> [ABOUT THIS TASK]: Pictures do not belong in the output. Reproduce exactly the lines from the start of the records through the line with "The Trash Eater".

Pictures with short captions:
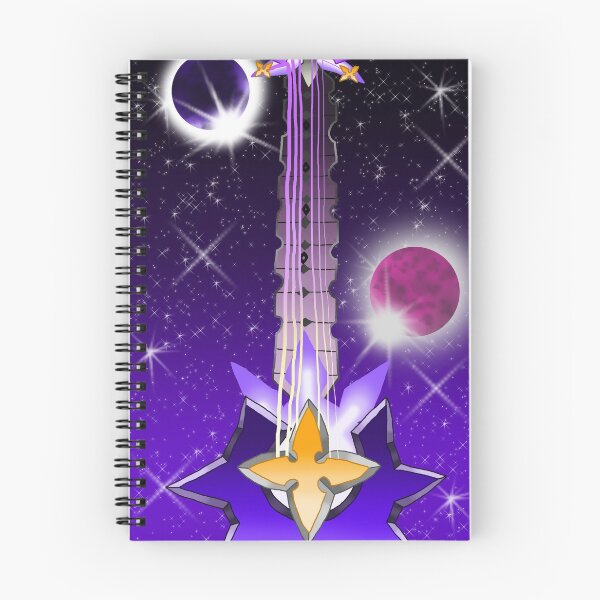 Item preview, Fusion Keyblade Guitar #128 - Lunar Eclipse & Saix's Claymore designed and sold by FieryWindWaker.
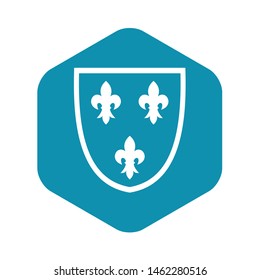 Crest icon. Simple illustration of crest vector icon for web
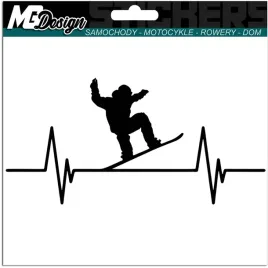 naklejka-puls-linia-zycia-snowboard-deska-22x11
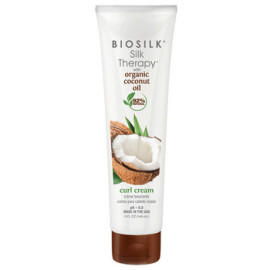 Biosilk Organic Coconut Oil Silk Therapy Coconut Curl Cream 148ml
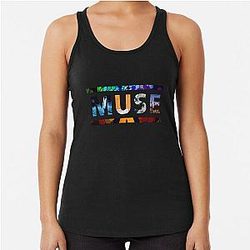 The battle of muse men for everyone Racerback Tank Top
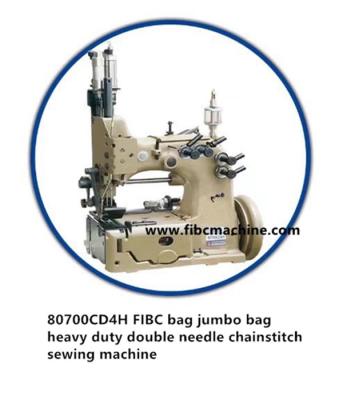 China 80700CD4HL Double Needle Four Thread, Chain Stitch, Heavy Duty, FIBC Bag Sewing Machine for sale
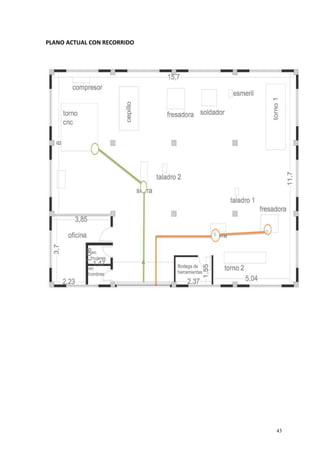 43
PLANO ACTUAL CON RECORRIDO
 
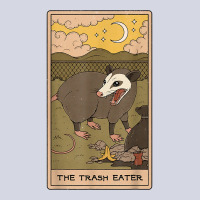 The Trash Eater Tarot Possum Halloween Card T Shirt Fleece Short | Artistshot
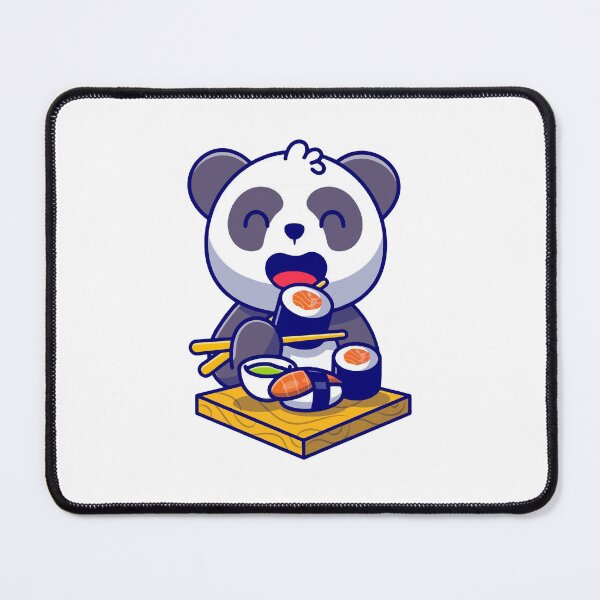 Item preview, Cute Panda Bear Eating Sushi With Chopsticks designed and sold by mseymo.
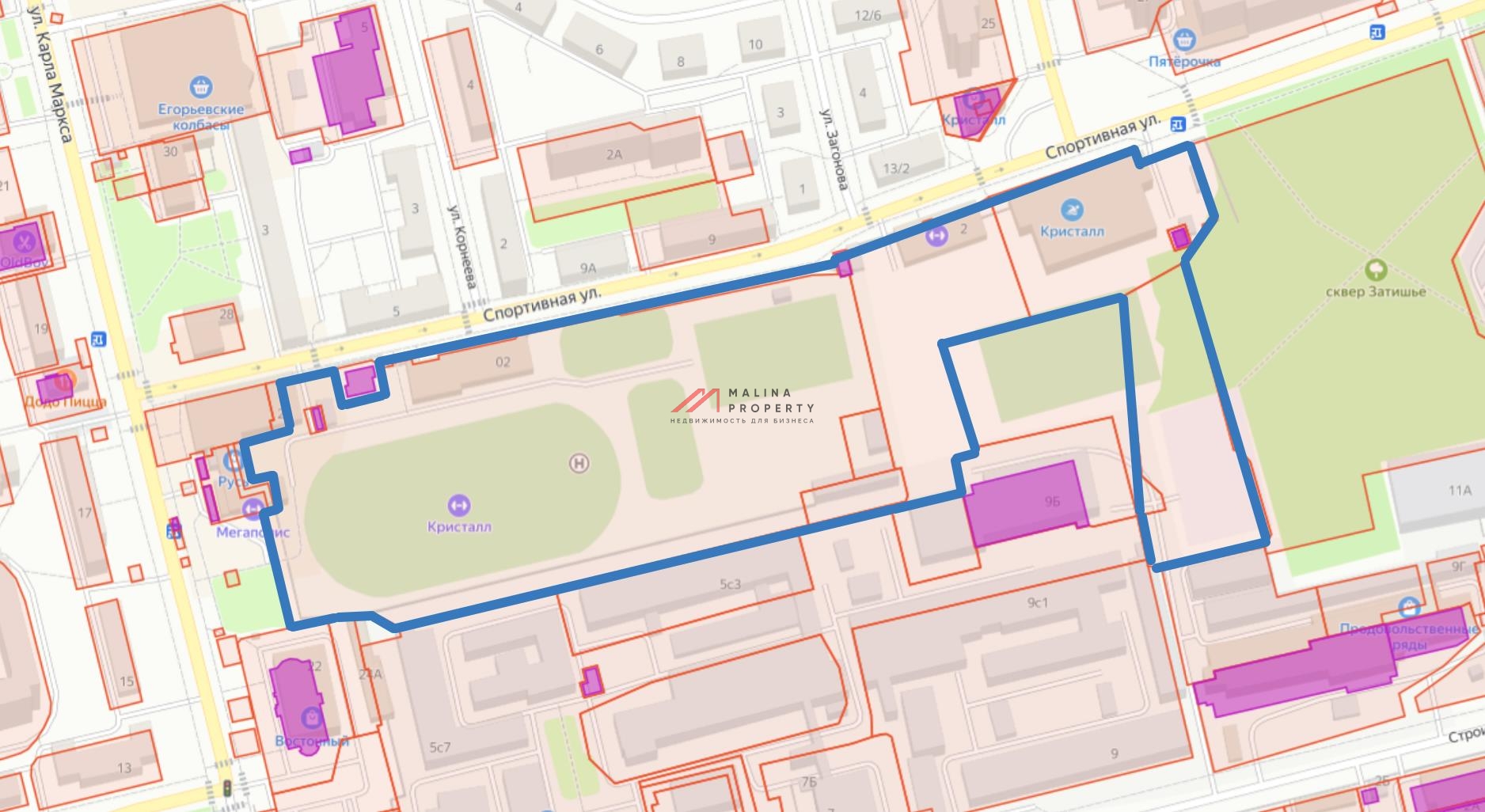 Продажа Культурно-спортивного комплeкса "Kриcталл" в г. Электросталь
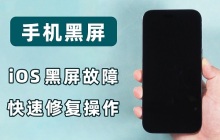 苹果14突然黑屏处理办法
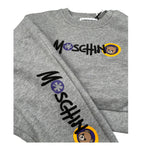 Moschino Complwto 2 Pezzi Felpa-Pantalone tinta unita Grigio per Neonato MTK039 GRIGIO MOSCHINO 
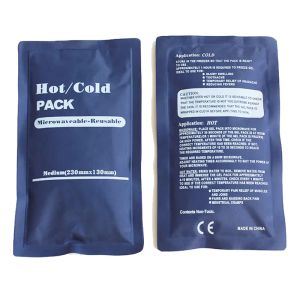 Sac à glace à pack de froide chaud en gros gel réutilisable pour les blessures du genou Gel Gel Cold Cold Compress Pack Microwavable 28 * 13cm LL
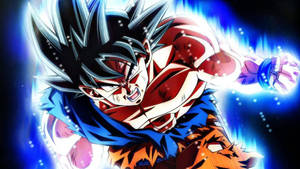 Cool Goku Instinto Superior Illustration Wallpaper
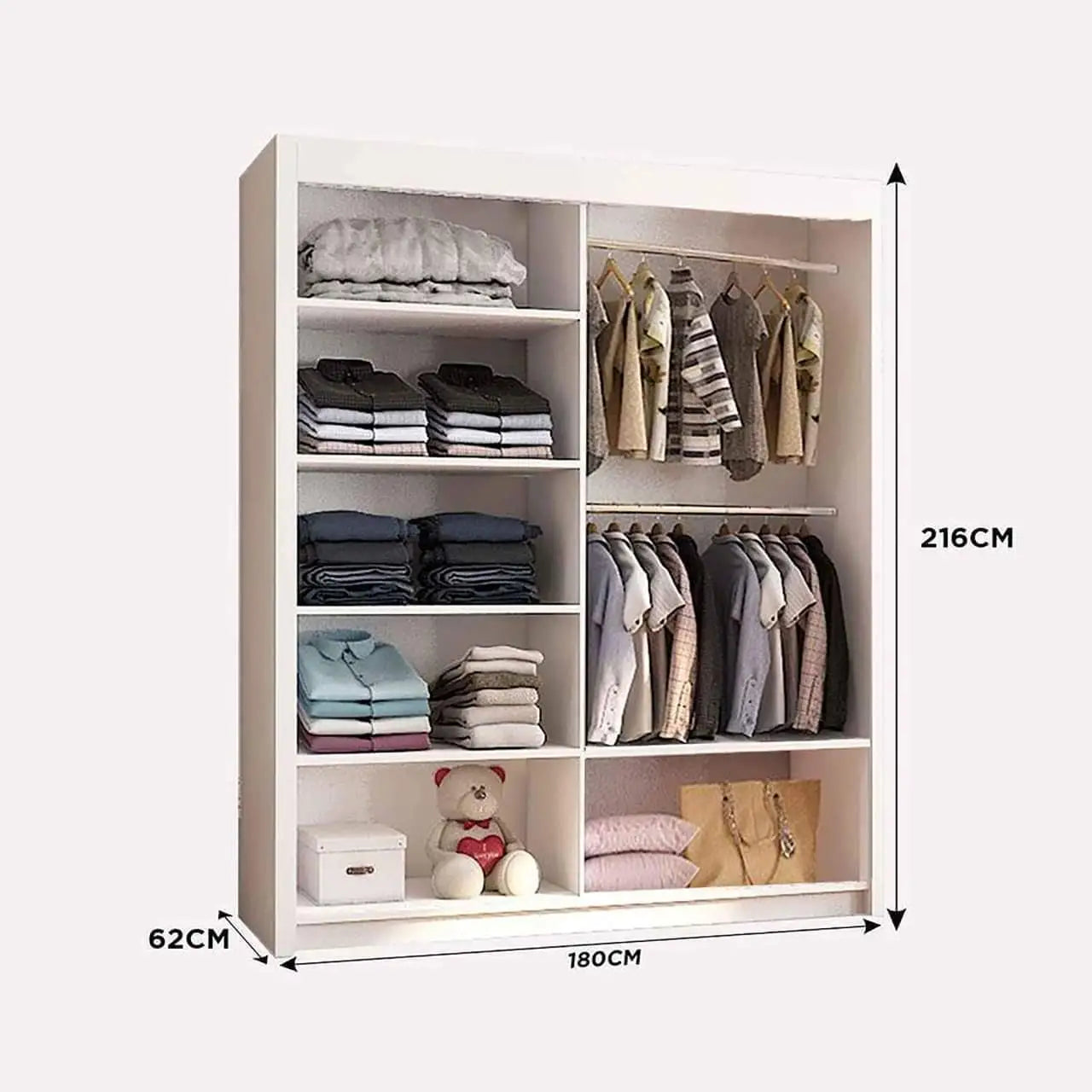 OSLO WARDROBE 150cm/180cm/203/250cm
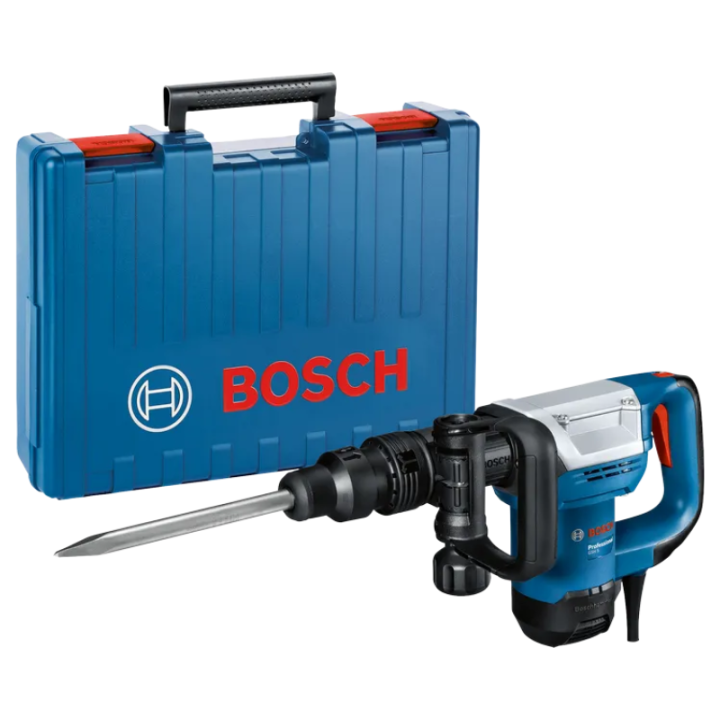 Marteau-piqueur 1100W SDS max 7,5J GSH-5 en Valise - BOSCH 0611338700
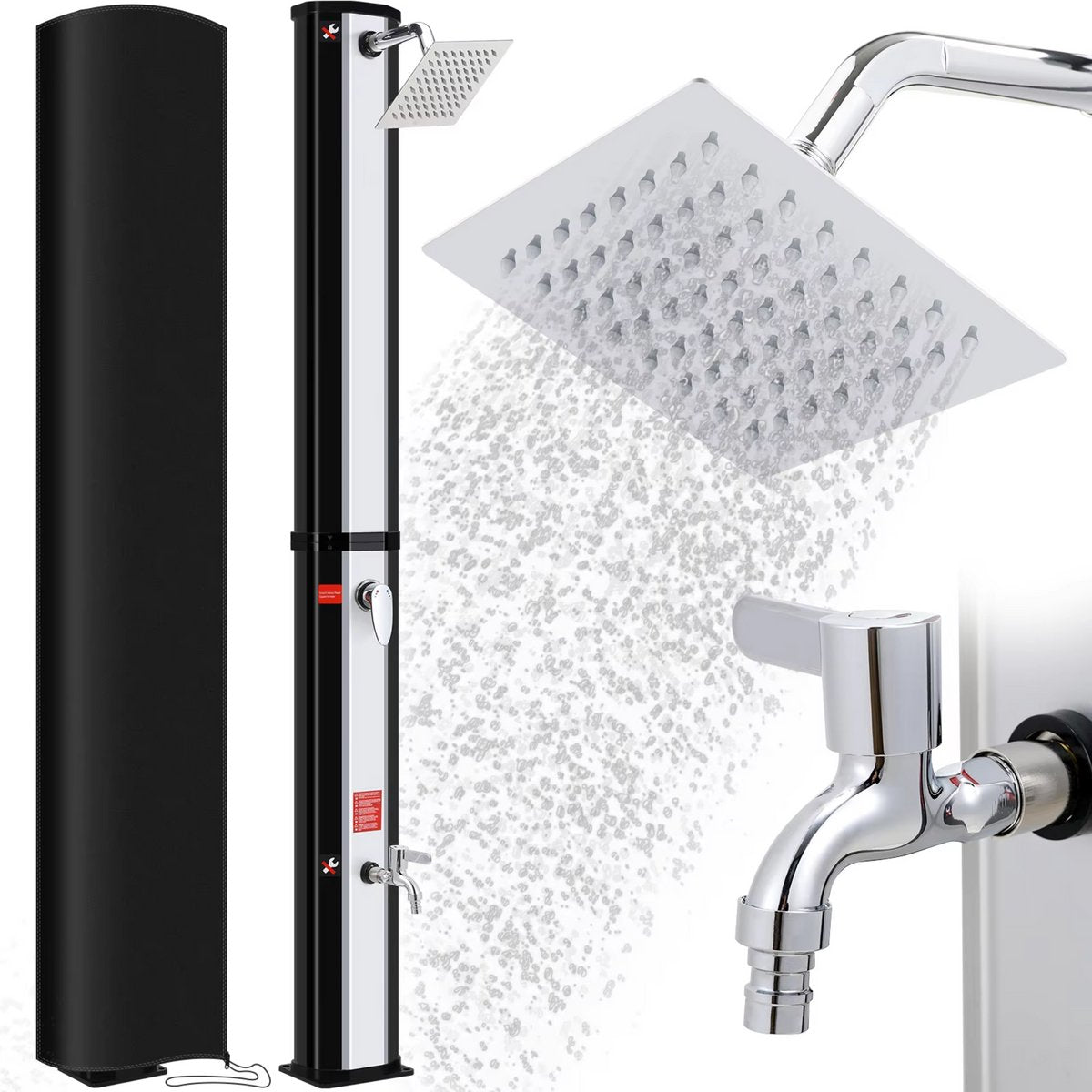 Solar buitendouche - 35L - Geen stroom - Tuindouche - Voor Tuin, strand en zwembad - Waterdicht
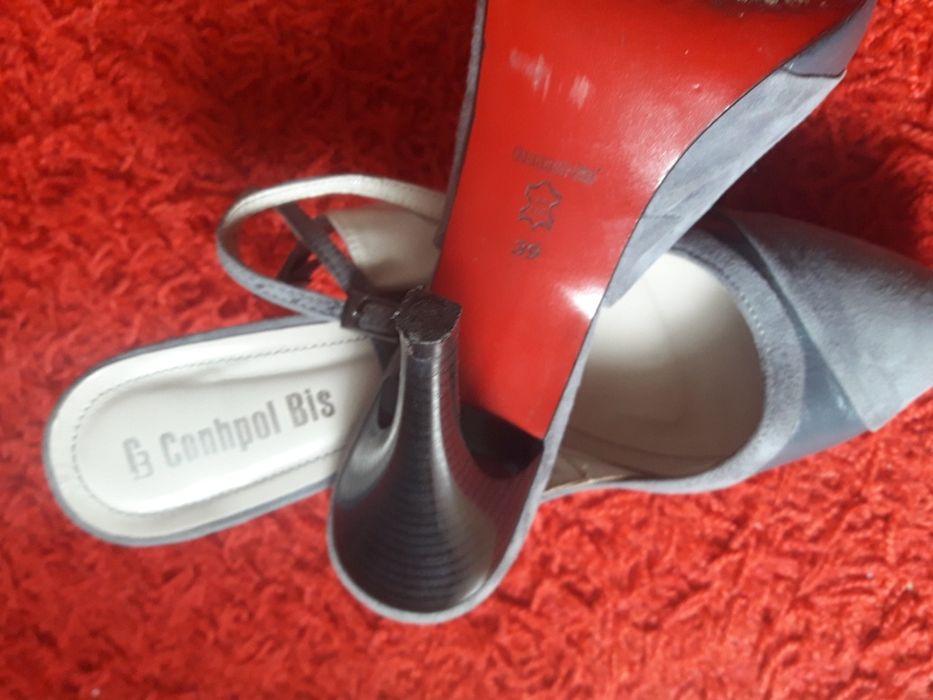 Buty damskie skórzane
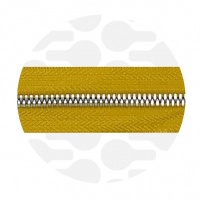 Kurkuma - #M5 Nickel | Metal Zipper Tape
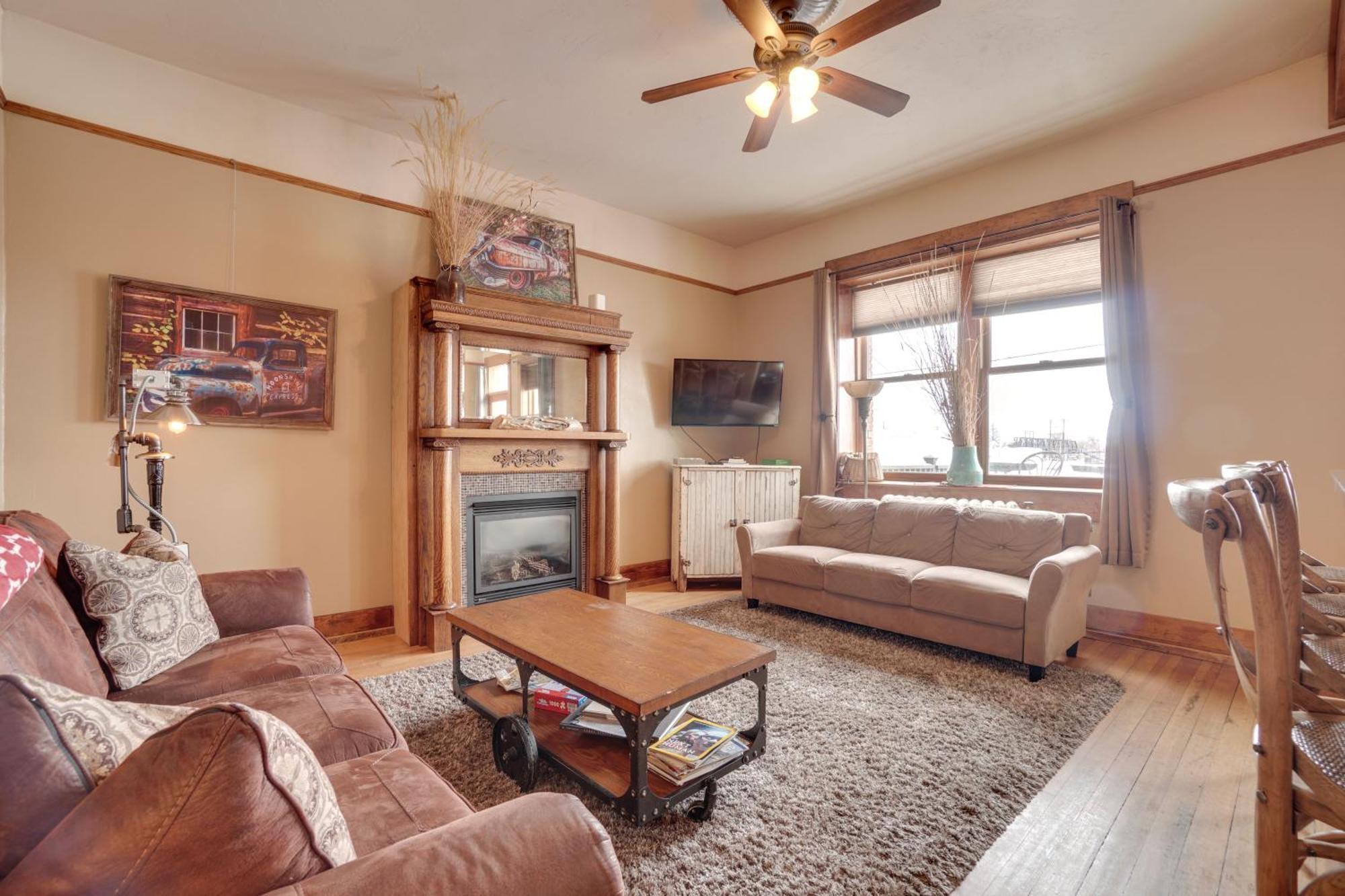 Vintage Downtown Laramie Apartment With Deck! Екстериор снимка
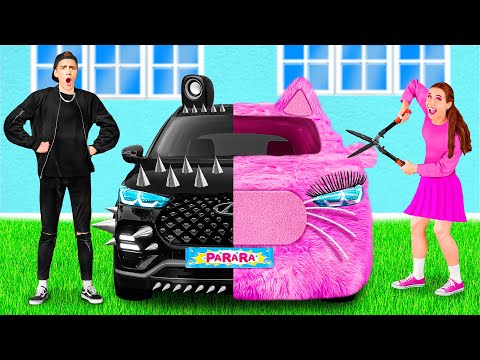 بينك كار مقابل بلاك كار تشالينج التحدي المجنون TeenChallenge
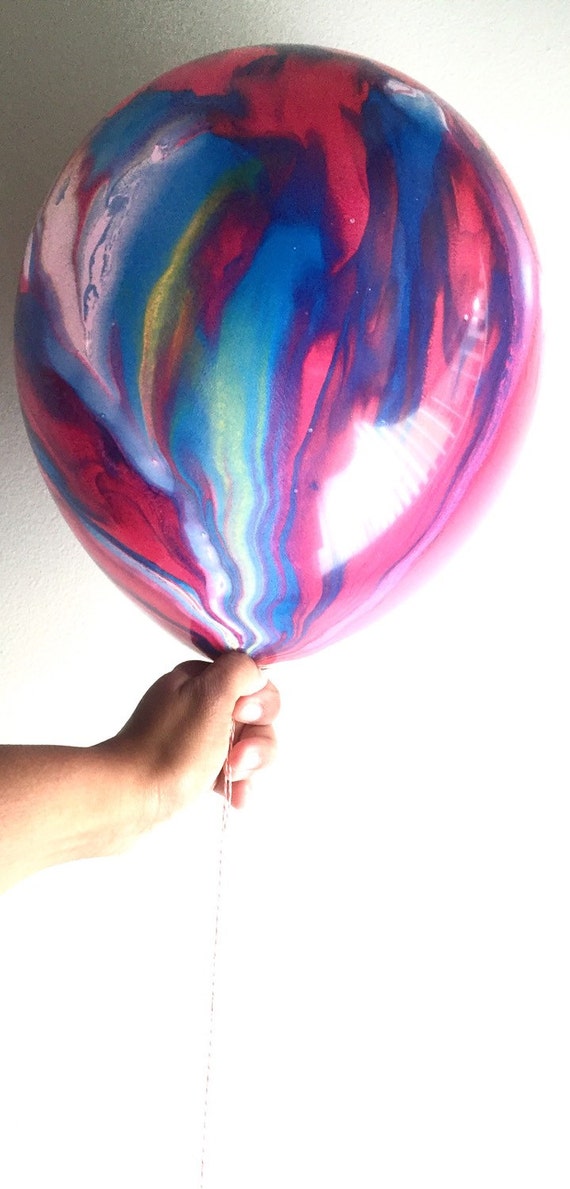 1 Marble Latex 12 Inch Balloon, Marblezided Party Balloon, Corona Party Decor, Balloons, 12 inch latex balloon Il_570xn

> [RESULT OF THE EXERCISE]:
 Item preview, Fusion Keyblade Guitar #128 - Lunar Eclipse & Saix's Claymore designed and sold by FieryWindWaker.
 Crest icon. Simple illustration of crest vector icon for web
 naklejka-puls-linia-zycia-snowboard-deska-22x11
 Biosilk Organic Coconut Oil Silk Therapy Coconut Curl Cream 148ml
 The battle of muse men for everyone Racerback Tank Top
 China 80700CD4HL Double Needle Four Thread, Chain Stitch, Heavy Duty, FIBC Bag Sewing Machine for sale
 43
PLANO ACTUAL CON RECORRIDO
 
 The Trash Eater Tarot Possum Halloween Card T Shirt Fleece Short | Artistshot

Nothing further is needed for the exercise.